4 September, 2009 — Global Research

On August 21 the chief of the U.S. Marine Corps, General James Conway, arrived in the Georgian capital of Tbilisi to begin the training of his host country’s military for deployment to the Afghan war theater under the NATO-led International Security Assistance Force (ISAF).

“During the meeting the sides discussed a broad spectrum of Georgian-U.S bilateral relations and the situation in Georgia’s occupied territory.”[1] Occupied territory(ies) meant Abkhazia and South Ossetia, now independent nations with Russian troops stationed in both.

Conway met with Georgian Defense Minister Davit (Vasil) Sikharulidze, who on the same day gave an interview to the Associated Press in which he said that the training provided by the U.S. Marine Corps could be employed, in addition to counterinsurgency operations in South Asia, in his country’s “very difficult security environment.”

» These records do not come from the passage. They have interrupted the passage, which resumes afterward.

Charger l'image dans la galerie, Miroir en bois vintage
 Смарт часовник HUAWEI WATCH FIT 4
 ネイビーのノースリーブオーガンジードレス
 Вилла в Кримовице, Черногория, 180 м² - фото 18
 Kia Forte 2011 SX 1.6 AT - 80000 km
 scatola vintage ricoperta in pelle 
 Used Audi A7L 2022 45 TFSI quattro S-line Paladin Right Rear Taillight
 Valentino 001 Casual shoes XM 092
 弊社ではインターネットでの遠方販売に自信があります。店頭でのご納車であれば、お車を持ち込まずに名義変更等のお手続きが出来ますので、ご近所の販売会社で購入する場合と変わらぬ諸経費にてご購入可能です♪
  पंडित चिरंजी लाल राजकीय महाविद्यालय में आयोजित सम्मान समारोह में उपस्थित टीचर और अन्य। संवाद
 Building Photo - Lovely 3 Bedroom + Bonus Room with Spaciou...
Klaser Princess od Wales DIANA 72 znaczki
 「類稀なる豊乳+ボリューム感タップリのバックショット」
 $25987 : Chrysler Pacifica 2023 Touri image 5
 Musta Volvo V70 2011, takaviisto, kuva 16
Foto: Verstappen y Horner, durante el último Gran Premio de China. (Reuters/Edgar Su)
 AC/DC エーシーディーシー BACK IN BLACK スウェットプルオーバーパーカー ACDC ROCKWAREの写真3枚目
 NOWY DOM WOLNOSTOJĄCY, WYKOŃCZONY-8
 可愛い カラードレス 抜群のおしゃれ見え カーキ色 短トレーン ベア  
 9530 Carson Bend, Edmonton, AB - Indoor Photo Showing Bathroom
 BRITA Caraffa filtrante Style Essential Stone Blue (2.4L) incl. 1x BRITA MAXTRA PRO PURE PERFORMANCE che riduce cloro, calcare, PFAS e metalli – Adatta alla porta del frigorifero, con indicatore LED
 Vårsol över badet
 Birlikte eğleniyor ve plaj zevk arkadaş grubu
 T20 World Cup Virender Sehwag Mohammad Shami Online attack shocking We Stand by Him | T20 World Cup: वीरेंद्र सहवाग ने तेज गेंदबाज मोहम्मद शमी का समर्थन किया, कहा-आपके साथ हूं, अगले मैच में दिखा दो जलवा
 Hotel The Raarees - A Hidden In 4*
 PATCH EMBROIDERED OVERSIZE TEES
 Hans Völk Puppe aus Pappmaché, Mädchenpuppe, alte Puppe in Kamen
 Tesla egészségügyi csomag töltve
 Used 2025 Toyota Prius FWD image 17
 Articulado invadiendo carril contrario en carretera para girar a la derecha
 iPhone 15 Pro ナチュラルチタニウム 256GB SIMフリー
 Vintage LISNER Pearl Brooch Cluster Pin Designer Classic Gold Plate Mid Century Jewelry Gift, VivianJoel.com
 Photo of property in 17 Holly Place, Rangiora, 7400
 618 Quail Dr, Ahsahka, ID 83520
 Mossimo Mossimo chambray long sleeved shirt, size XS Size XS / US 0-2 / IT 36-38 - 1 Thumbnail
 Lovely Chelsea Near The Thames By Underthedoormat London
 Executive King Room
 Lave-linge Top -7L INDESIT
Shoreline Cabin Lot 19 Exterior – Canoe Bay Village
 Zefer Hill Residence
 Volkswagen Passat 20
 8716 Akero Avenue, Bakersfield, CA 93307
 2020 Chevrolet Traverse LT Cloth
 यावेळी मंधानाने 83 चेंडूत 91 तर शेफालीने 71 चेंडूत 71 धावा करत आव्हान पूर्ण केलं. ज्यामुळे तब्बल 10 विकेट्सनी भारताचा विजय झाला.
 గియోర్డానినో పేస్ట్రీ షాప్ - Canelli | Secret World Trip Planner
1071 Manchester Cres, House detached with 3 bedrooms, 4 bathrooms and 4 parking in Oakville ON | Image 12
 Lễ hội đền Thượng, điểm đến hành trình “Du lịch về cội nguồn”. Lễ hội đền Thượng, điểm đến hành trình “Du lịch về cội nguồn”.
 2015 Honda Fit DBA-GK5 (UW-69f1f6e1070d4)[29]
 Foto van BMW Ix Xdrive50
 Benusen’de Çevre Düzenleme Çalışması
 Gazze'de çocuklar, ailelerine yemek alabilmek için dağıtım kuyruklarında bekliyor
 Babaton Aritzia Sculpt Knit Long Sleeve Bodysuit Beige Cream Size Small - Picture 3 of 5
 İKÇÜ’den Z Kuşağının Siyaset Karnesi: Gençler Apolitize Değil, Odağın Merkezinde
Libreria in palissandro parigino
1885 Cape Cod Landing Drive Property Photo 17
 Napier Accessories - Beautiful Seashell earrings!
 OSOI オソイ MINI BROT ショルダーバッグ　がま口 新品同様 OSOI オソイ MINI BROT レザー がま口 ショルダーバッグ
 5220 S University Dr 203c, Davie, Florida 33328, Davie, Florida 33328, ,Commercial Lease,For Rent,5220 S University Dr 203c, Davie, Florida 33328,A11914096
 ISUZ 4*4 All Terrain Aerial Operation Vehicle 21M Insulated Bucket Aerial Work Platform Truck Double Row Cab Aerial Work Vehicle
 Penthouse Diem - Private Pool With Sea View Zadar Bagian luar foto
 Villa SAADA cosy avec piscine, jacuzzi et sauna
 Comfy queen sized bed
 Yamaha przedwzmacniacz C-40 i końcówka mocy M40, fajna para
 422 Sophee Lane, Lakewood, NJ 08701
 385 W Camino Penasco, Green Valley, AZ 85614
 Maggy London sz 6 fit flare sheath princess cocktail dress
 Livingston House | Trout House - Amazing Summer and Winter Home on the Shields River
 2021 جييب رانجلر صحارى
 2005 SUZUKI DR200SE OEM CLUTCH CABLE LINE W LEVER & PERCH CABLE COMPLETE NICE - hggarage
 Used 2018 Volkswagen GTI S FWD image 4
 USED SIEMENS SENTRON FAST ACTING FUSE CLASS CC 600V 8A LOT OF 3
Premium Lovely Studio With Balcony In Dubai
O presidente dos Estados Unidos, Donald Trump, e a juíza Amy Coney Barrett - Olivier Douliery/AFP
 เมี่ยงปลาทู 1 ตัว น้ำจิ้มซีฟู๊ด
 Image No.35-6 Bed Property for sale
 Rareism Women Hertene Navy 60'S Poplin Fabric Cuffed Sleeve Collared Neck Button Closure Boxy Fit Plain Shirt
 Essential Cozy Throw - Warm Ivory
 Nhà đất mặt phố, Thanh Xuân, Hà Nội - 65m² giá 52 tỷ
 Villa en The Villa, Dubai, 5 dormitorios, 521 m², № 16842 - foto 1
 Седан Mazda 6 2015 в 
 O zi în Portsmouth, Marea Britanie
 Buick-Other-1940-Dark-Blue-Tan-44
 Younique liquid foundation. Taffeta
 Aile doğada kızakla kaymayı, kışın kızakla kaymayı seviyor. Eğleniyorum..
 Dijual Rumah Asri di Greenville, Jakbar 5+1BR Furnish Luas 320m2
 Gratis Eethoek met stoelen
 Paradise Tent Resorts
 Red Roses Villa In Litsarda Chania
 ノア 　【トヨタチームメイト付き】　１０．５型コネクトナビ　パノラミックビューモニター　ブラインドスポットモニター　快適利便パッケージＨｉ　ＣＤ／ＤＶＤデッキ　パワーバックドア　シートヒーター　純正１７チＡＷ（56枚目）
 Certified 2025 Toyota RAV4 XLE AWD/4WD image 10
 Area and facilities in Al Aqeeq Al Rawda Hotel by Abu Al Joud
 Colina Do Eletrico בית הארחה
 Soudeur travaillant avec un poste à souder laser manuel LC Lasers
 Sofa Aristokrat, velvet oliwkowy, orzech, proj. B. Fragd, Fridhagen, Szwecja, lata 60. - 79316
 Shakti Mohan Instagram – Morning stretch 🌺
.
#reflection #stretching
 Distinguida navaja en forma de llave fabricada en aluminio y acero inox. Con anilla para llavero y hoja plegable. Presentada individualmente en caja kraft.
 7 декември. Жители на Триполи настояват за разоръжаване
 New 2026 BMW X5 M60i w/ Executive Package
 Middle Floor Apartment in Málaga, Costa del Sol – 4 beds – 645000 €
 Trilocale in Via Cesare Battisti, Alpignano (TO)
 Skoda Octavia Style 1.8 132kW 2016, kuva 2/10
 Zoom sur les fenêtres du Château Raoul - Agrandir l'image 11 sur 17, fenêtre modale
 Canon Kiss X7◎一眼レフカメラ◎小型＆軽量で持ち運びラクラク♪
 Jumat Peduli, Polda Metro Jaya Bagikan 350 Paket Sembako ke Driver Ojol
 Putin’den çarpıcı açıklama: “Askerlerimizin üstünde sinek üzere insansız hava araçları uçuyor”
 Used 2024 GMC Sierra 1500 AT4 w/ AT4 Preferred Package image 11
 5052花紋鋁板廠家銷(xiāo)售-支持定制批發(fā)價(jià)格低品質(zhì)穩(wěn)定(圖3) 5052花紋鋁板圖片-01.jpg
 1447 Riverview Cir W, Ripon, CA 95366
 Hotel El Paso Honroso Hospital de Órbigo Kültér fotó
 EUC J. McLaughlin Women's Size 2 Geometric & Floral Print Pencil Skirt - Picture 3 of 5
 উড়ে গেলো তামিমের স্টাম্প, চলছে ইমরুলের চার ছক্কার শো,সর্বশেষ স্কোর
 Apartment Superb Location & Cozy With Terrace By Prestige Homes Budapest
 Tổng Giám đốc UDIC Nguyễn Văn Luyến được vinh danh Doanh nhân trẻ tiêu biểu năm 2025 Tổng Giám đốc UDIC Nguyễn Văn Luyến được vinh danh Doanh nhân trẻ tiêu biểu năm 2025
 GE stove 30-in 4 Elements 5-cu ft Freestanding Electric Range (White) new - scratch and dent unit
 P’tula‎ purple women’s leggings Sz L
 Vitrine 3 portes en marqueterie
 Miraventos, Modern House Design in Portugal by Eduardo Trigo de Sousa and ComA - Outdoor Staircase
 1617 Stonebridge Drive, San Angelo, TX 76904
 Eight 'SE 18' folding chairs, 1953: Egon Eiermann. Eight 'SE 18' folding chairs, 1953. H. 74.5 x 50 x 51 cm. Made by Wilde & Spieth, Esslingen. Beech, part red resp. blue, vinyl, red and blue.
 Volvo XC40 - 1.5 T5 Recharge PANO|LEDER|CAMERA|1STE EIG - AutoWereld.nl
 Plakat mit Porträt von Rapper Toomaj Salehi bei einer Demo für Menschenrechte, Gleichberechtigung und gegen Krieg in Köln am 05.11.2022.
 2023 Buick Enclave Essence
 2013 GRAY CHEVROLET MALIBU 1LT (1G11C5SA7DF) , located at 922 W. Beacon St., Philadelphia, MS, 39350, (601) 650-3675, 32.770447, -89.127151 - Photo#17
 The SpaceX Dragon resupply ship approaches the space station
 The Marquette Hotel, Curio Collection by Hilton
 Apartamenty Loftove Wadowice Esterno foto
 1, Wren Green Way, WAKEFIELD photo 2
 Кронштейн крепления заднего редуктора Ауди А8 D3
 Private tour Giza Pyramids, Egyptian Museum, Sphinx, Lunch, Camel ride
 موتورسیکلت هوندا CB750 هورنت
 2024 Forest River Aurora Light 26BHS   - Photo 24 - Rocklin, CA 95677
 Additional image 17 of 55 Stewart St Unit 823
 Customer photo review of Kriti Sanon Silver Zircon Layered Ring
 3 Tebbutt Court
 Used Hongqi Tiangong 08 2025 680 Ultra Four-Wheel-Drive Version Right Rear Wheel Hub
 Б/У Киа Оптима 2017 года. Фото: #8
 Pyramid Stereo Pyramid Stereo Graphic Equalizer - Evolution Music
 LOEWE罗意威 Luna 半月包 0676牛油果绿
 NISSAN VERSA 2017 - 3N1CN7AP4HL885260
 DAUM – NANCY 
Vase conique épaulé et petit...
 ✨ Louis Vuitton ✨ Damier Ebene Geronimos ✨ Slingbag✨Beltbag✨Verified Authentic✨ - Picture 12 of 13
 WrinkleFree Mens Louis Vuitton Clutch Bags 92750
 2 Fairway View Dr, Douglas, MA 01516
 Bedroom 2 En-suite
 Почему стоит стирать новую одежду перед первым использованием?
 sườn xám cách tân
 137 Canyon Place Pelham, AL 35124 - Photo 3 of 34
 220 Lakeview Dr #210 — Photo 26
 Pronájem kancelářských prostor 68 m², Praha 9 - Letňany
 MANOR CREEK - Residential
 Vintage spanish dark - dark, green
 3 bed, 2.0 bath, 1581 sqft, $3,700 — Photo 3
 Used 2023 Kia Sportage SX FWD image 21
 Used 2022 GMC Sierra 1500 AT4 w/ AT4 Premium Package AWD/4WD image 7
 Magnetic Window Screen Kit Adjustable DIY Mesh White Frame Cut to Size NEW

Associated Press reported that “Asked if he was referring to the possibility of another war with Russia, he said, ‘In general, yes.'”

The Georgian defense chief added, “This experience will be important for the Georgian armed forces itself — for the level of training.”[2]

Sikharulidze was forced to retract his comments within hours of their utterance, and not because they weren’t true but because they were all too accurate. The Pentagon was not eager to have this cat be let out of the bag.

Three days later American military instructors arrived in Georgia on the heels of the visit of Marine Commandant Conway, whose previous campaigns included the 2003 invasion of Iraq and the first assault on Fallujah in that nation in 2004.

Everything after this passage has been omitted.